Once you find the line below that contains "Army Styled Stretchable Shirt – brinell", write it out along with every later line exactly as given, stopping only when the records end. Omit the pictures.

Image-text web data
--

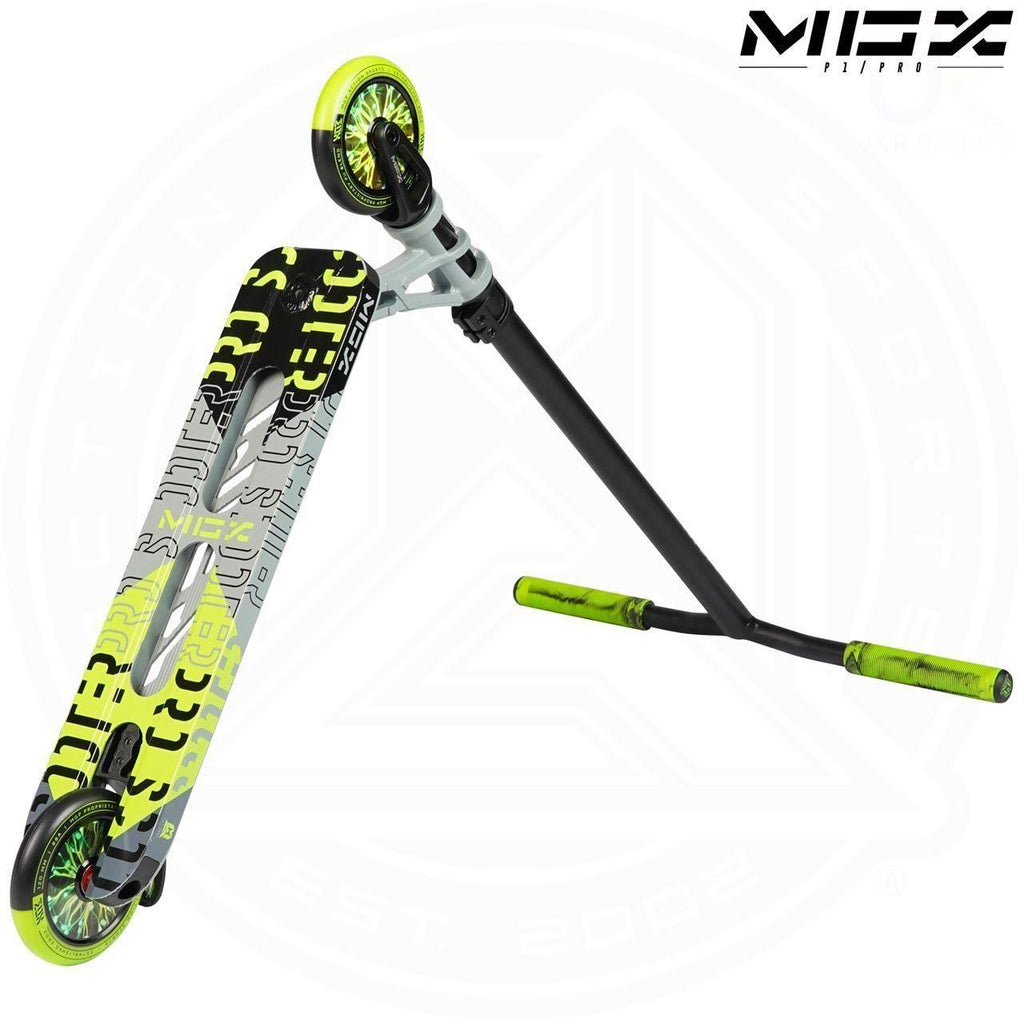 Grey Lime Stunt Scooter D5562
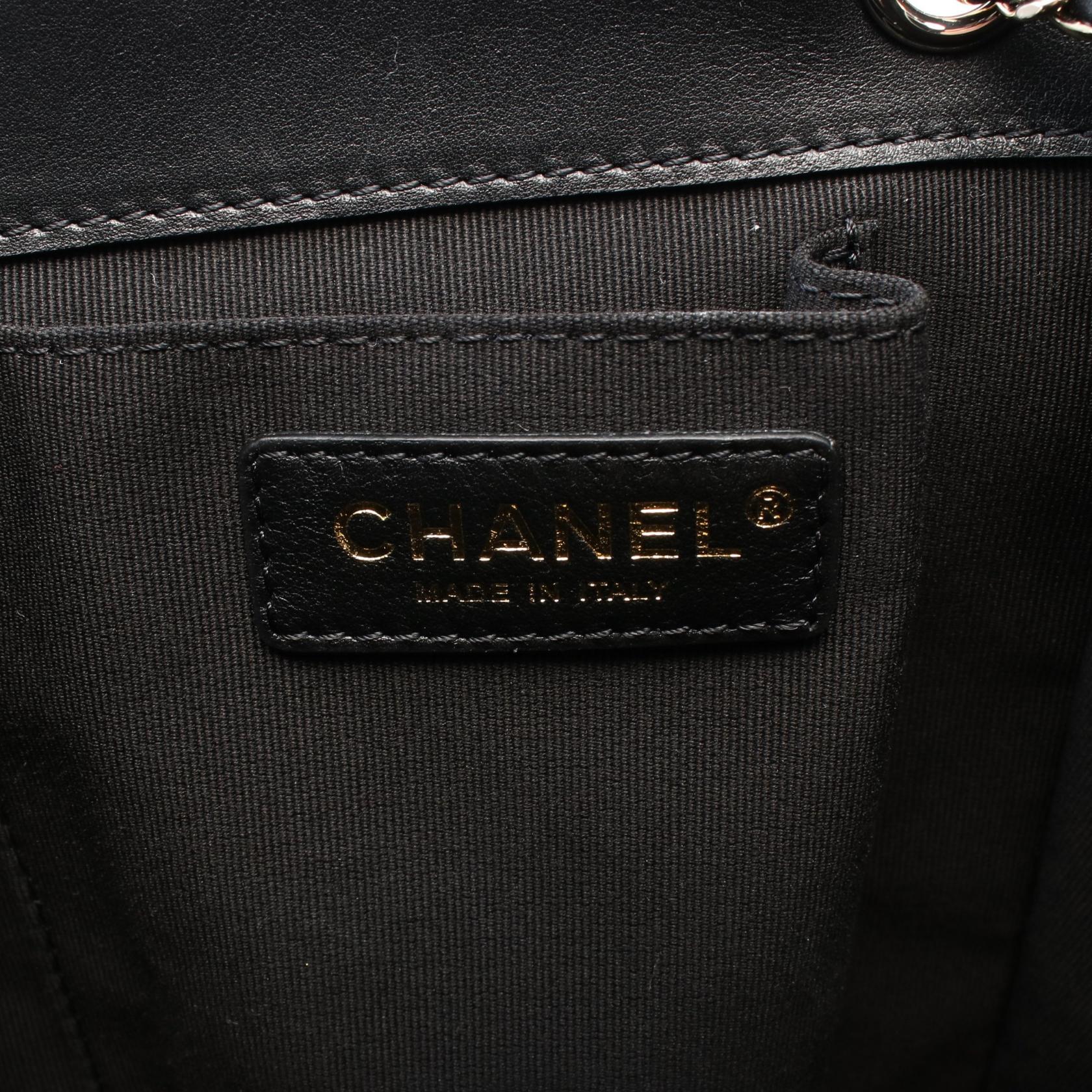 CHANEL Matelasse Rucksack Backpack AS3618 Lamb sheep leather Black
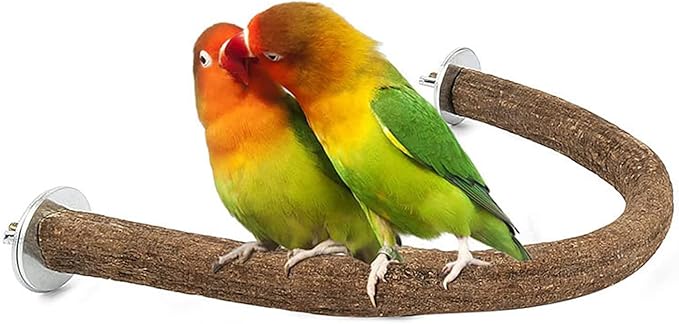 Allazone Bird Natural Wood Stand Perch Swing U Shape Natural Parrot Perch Bird - Image 5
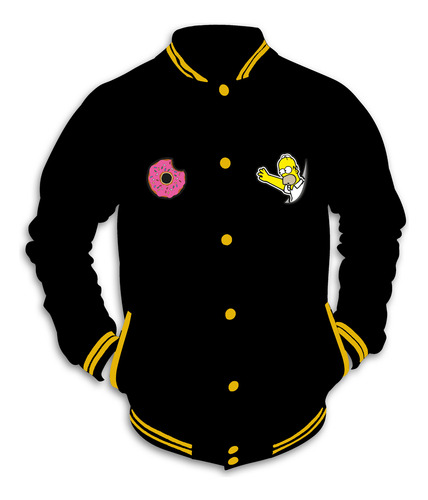Chamarra Varsity Genérica Simpsons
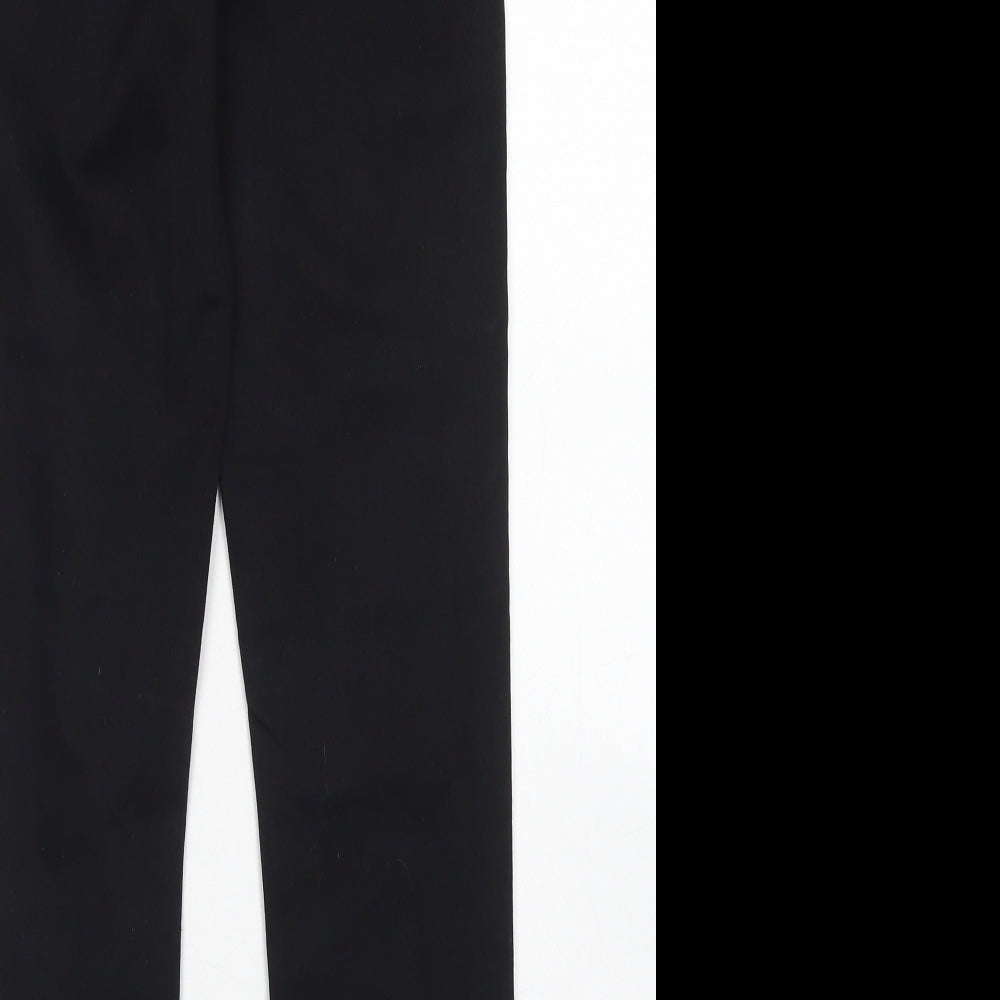 Papaya Womens Black  Cotton Skinny Jeans Size 8 L27 in Regular Button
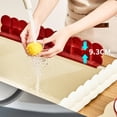 thumbnail image 6 of Silicone Sink Splash Guard, Flexible Water Barrier for Faucet Base, Prevents Countertop Mess during Dishwashing, Easy to Clean, by IHXORA, 6 of 8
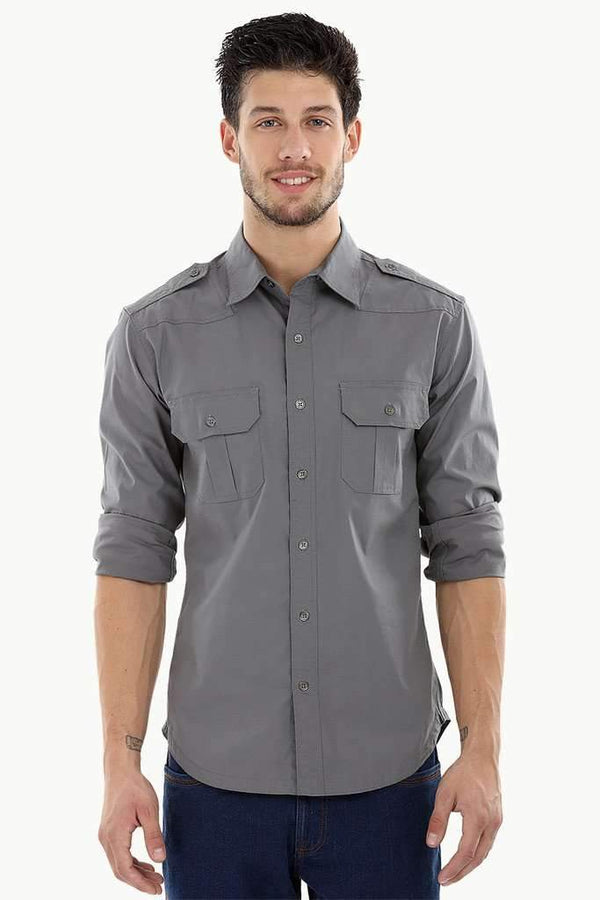 Army Styled Stretchable Shirt – brinell
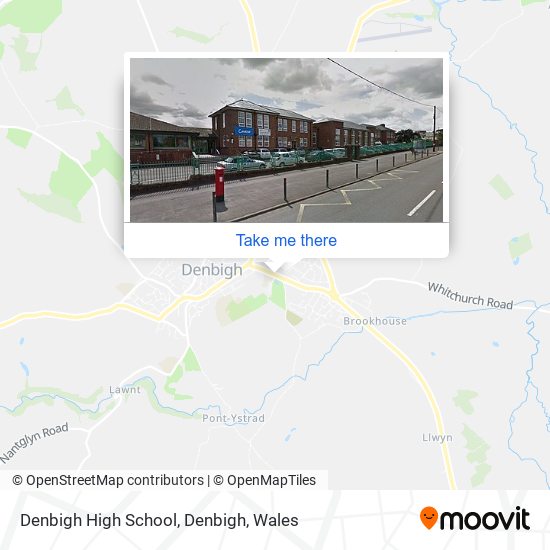 Denbigh High School, Denbigh map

--

### [Exercise output]
 Army Styled Stretchable Shirt – brinell
 Denbigh High School, Denbigh map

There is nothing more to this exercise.